# Finally finished the dog carrier



## Rocky (Jan 25, 2010)

I finally got to finish the dog carrier I started quite some time ago. Am really happy with how it turned out, especially as it's the first carrier I have ever made.

Here are some pictures.

























I also made a small Dummy toy.


----------



## Brodysmom (Jan 8, 2009)

Brilliant work! You did a marvelous job.


----------



## Angel1210 (Mar 14, 2011)

What a great job! I can see why it took long! It has a lot of parts!
Very well done!!


----------



## Suzn (Feb 8, 2012)

Very impressive. It looks so comfy!!


----------



## theshanman97 (Feb 19, 2012)

wow! thats brillant! , how did you make it?


----------



## nicholeb5 (May 3, 2005)

Wow! Great job I love it!!


----------



## pigeonsheep (Nov 8, 2008)

bravooooo! it looks professional! how much weight can it hold?


----------



## Rocky (Jan 25, 2010)

Thanks everyone .

@theshanman97: I can't really explain how I made it as it's really complex, but it was for sure a lot of work!

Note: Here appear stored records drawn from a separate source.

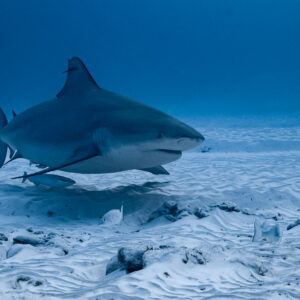 Bull shark turning toward camera with remoras over sand, Playa del Carmen, Quintana Roo, Mexico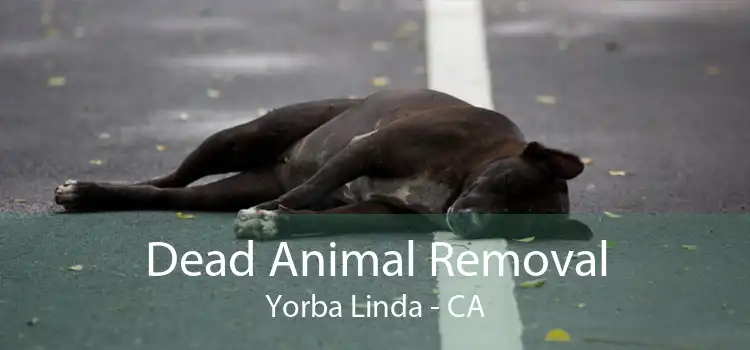Dead Animal Removal Yorba Linda - CA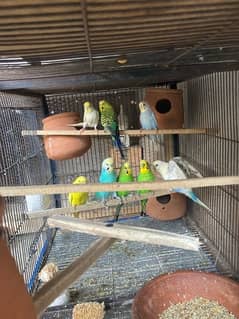 Australian parrots and others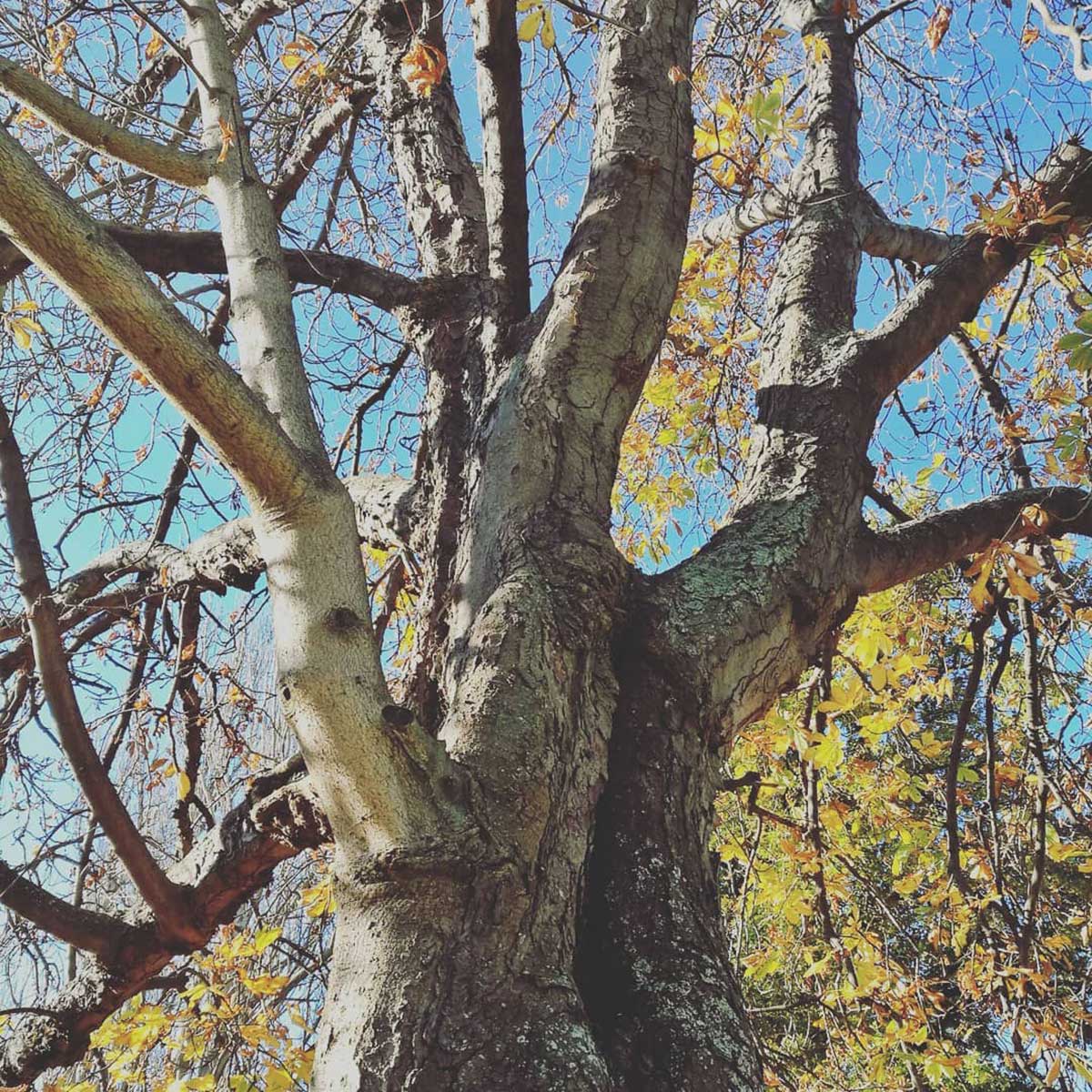 WuHooTimaru Horse Chestnut Tree Timaru Botanic Gardens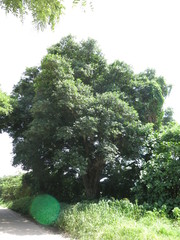 Ficus colubrinae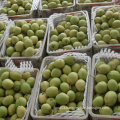 New Crop Fresh Green Shandong Pear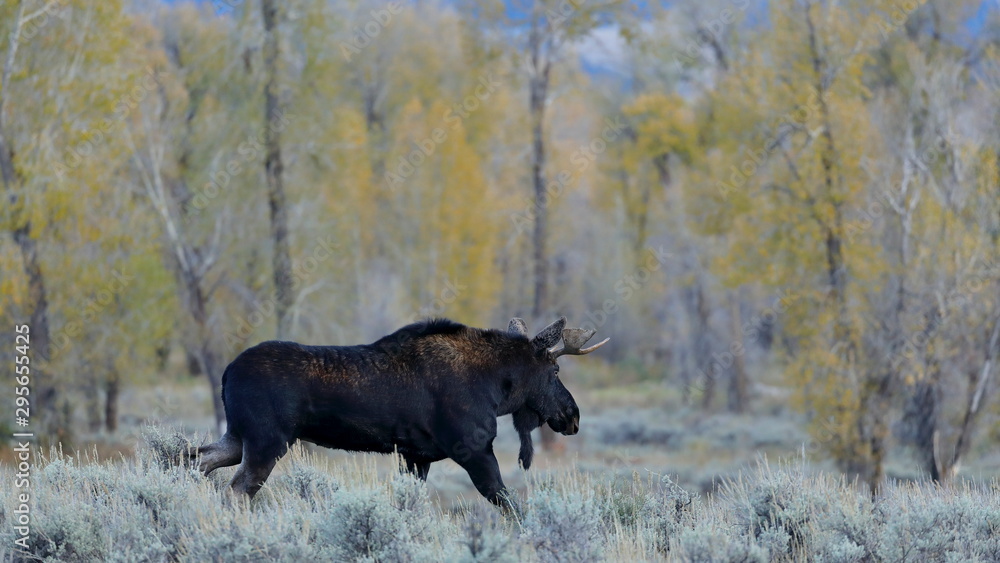 outside the city of Jackson in Wyoming USA,I ve had several meetings with the American Elk, Moose.Each of the bulls was very large,even for American mesurements outside the city of Jackson in Wyoming USA,I ve had several meetings with the American Elk, Moose.Each of the bulls was very large,even for American mesurements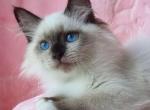 Odelina - Siberian Cat For Sale - Brighton, CO, US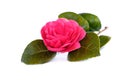 Single Camellia isolated on a white background Royalty Free Stock Photo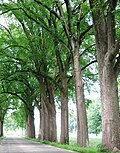 'Belgica' avenue in the Netherlands (2007)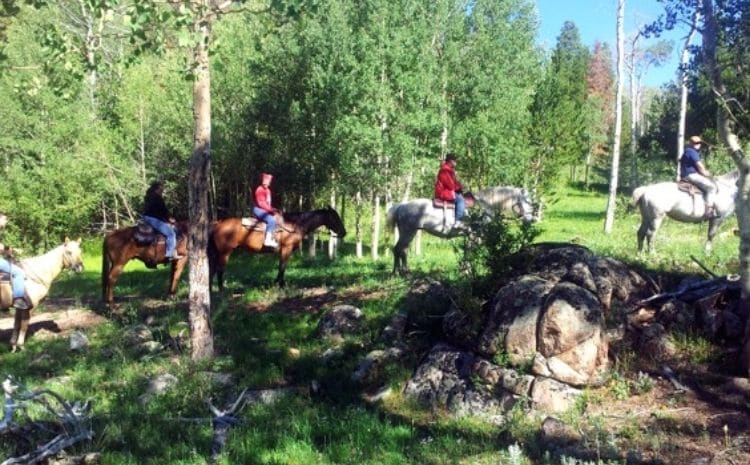 Beaver Meadows Stables 1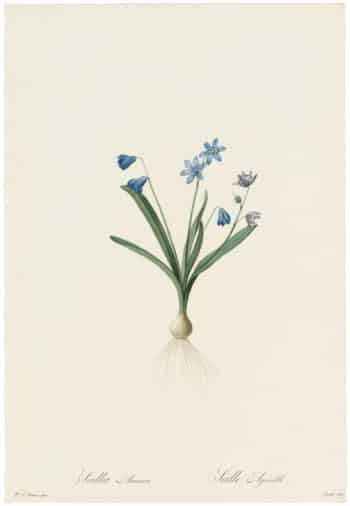 Redouté Lilies Pl. 130, Siberic Squill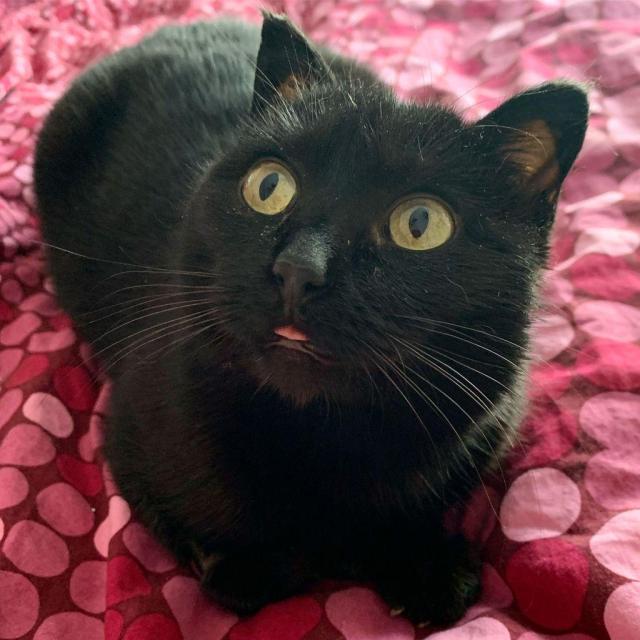 Close-up photo of my black cat sitting loaf-like on a polka-dotted bedspread in reds and pinks. She is looking up and to the left of the photo, and her tongue is sticking out ever so slightly--it kinda matches the pink tones in the bedspread.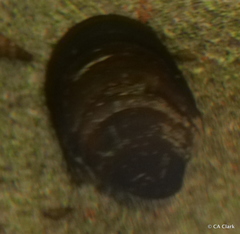Neripteron vespertinum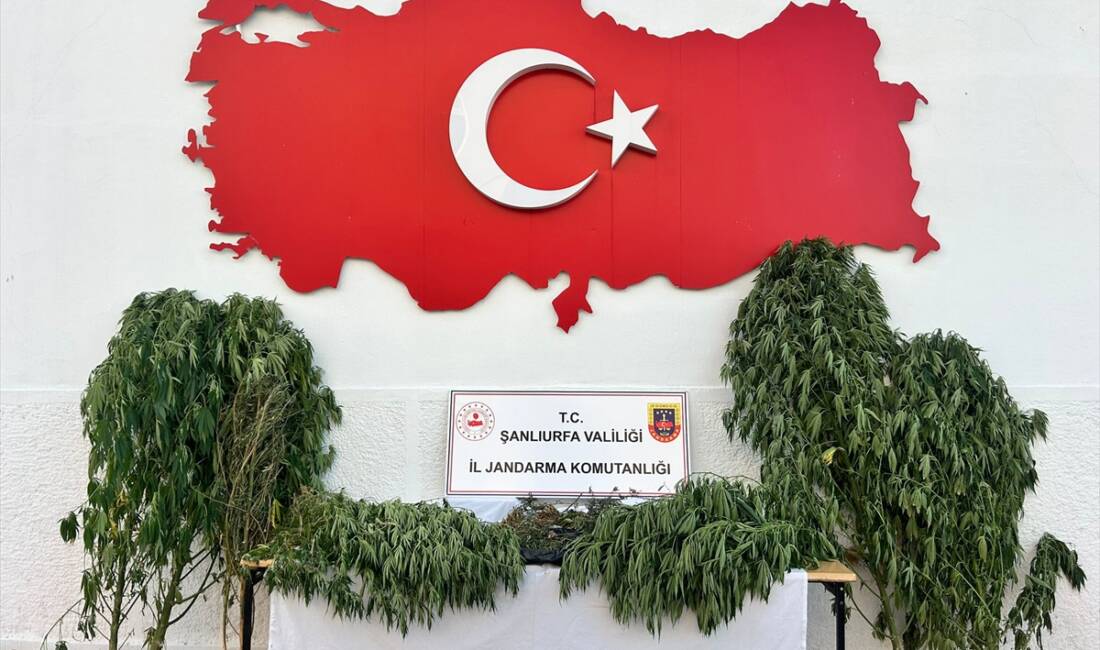 ŞANLIURFA (AA) – Şanlıurfa’da düzenlenen uyuşturucu operasyonunda 6 şüpheli gözaltına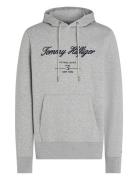 Script Logo Hoody Tops Sweat-shirts & Hoodies Hoodies Grey Tommy Hilfi...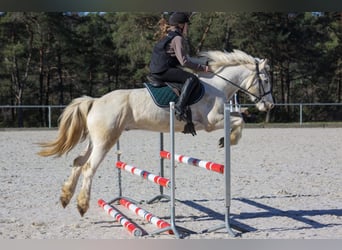 Connemara, Wallach, 7 Jahre, 160 cm, Fliegenschimmel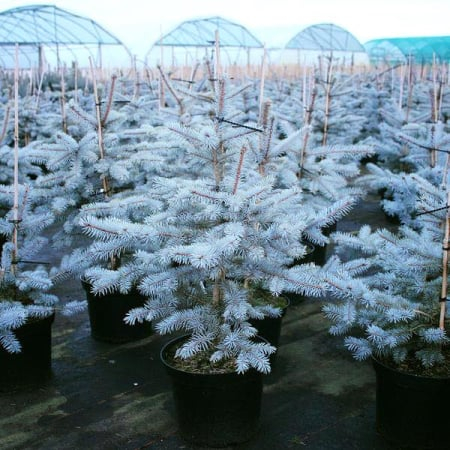 Conifere - Picea pungens ‘Edith’ - Brad albastru ‘Edith’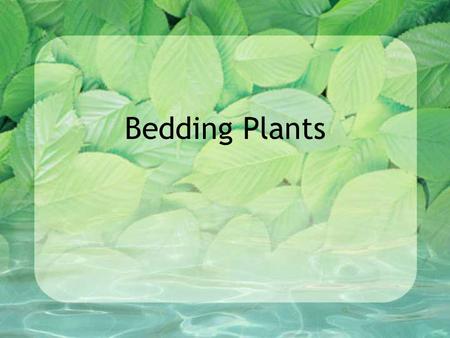 Bedding Plants.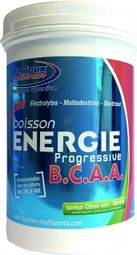 Boisson énergétique Fenioux Energie Progressive BCAA Citron Vert Menthe 600g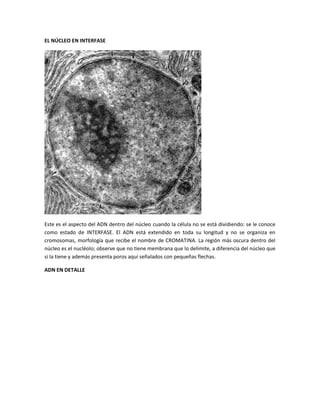 EL NÚCLEO EN INTERFASE
Este es el aspecto del ADN dentro del núcleo cuando la célula no se está dividiendo: se le conoce
como estado de INTERFASE. El ADN está extendido en toda su longitud y no se organiza en
cromosomas, morfología que recibe el nombre de CROMATINA. La región más oscura dentro del
núcleo es el nucléolo; observe que no tiene membrana que lo delimite, a diferencia del núcleo que
si la tiene y además presenta poros aquí señalados con pequeñas flechas.
ADN EN DETALLE
 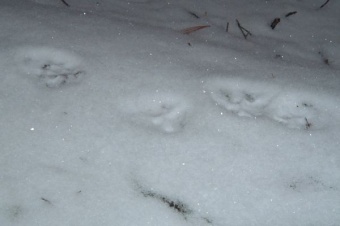 Tracks in Snow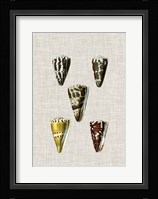 Antique Shells on Linen VIII Fine Art Print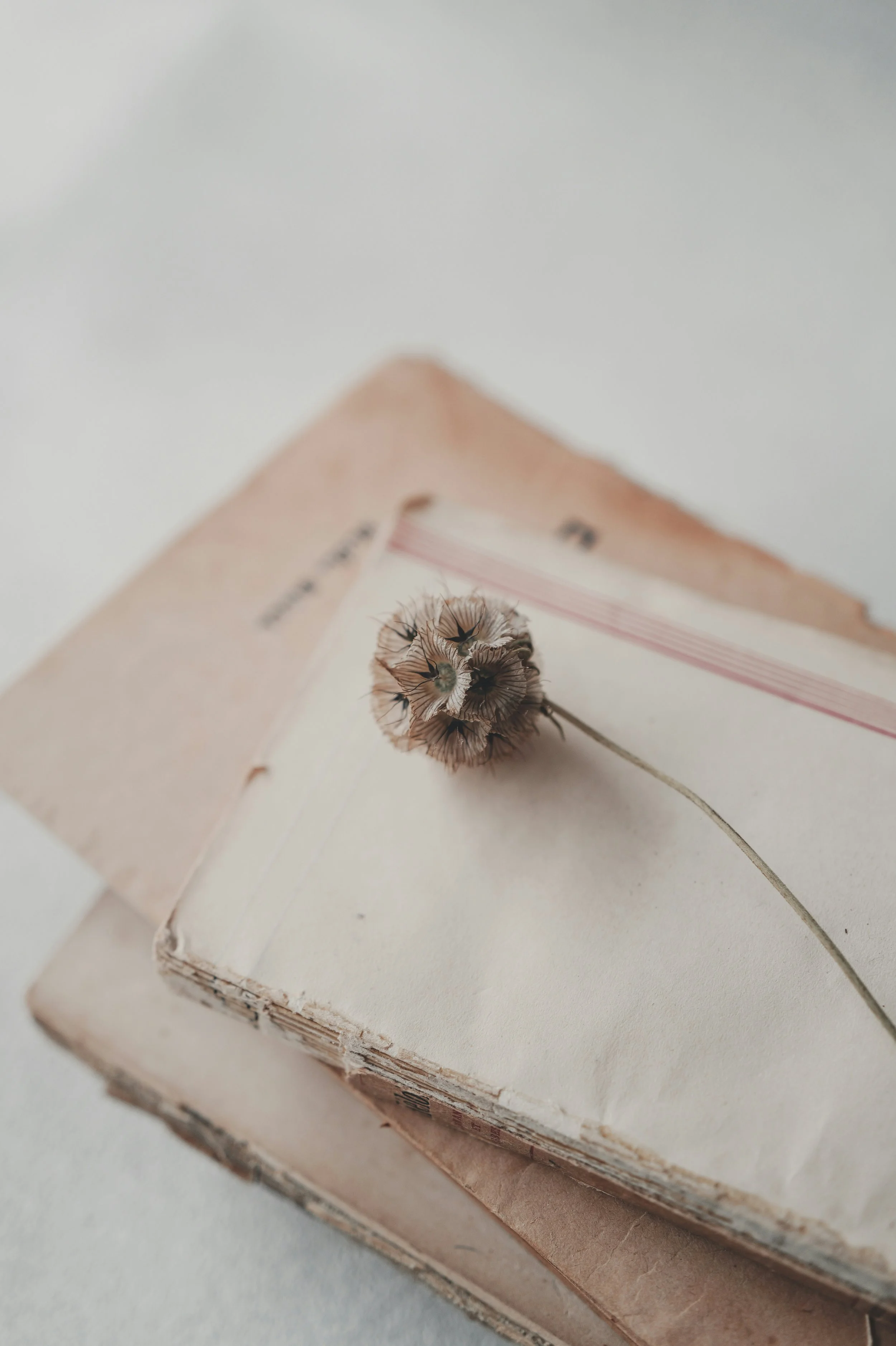 Burnout vs. Everyday Stress: How to Know the Difference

@pigeonsheep: It easily holds Rocky and he weighs 3.6kg (8lbs). I am not sure though what the limit would be.


----------



## Christabelle (Dec 21, 2011)

Very impressive!


----------



## jesuschick (Dec 5, 2010)

VERY nice! I am impressed!!


----------



## Reese and Miley (Jun 24, 2010)

Awesome! It blows me away that people can actually MAKE things like this, great work!
Rocky looks so snug and cozy in it


----------



## LostLakeLua (Sep 6, 2009)

That is just awesome! Great job, I love it.


----------



## Pookypeds (Jun 20, 2006)

That really is nice! Great job you did on it! I've been thinking about making one. I've got a couple patterns, but it does seem awfully time consuming and a bit complicated. I'll attempt it one of these days. Yours really looks good!


----------



## cherper (May 8, 2009)

very very nice job!!


----------



## Wawies (Jan 23, 2012)

*LOve it! Looks comfy for ur chi !!*


----------



## quinnandleah (Sep 28, 2011)

Love it.


----------